Creating a shared team vision will be an equally daunting task.
“We’ve got to get commitment from our players,” Giles said. “It’s not the mid-amateur players, the guys who are 25 and up, who aren’t committed. It’s the biggest honor in the world for them. We’ve got to get the young players to understand how important the Walker Cup is.
“A lot of these young players now, all they’re thinking about is, ‘Am I going to play Titleist or Mizuno or Maxfli or whatever. What clothes am I going to wear? What management group is going to give me the biggest guarantee?’ ”
As founder of Pros Inc., a player management company, Giles knows the landscape well. “These kids are spoiled today,” he said. “I can tell you from our business perspective, man, they are spoiled.”
Lewis said he won’t tolerate prima donnas on the squad he’ll take to Ganton Golf Club in England.
“We’ve somehow got to get the motivation back about playing for your country,” he said. “The thing you’ve got to get across in the Walker Cup is that individual records don’t mean anything. If you get a half point and that wins the Walker Cup, that’s the most important half point you’re ever going to get in your entire damn life.”
Each former captain was asked to offer Lewis one piece of advice for ’03:
• Giles: “Chemistry. Find a good, solid group that wants to pull on the same oar.”
• Gray: “Take control early. You’re the captain, you ought to run the railroad. You need to be in charge, and nobody needs to question your judgment.”
• Yates: “You’ve got to identify the leaders on the team. You can’t be everywhere at once, so you’ve got to have some leaders you can rely on.”

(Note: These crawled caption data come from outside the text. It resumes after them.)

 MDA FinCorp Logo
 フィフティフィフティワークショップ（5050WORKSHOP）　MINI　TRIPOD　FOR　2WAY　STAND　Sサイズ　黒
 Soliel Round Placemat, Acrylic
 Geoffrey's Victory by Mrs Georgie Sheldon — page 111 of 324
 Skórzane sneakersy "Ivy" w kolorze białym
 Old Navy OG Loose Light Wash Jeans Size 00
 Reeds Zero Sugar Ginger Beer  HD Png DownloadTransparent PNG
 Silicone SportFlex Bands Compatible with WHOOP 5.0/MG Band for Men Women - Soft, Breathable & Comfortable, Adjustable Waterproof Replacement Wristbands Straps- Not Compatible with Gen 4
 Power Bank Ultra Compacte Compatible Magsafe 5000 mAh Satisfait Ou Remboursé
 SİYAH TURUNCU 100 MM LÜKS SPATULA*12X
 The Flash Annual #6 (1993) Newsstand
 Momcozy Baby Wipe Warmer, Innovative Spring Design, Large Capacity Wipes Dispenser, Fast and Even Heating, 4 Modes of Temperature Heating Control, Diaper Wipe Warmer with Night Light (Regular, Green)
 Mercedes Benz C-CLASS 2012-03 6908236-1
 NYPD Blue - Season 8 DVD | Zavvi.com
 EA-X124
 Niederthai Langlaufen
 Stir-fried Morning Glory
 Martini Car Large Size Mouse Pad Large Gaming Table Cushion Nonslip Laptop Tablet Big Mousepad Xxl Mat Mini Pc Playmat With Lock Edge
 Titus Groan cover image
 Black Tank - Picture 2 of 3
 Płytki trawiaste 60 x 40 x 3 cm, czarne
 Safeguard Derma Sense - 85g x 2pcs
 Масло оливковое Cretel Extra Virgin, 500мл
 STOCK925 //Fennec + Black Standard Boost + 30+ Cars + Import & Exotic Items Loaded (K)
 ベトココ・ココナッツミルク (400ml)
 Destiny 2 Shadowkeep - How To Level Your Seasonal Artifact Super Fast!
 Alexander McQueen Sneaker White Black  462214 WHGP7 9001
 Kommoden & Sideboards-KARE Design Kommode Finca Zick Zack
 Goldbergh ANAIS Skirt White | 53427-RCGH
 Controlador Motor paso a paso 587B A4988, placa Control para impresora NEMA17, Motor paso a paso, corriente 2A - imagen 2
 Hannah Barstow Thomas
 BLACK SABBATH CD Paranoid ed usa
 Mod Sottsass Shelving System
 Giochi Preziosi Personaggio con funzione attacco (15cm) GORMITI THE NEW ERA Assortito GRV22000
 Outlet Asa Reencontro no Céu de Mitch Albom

Lewis clearly is a take-charge kind of guy. He would like the USGA’s cooperation in notifying players early this summer that they are candidates for a select squad to be named this fall. Those who accept spots on the select squad would be required to participate in certain tournaments and gather two or three times to experiment with pairings and develop camaraderie. Eight players would be named to the Walker Cup team in early August 2003, with the final two spots announced Aug. 25, after the U.S. Amateur.
“In fairness to the players and everybody else, we at least need to be on the same footing (in terms of team selection process compared to GB&I),” Lewis said. “If everybody was doing the same thing and they beat us, that’s one thing. But that’s not the way it’s working right now.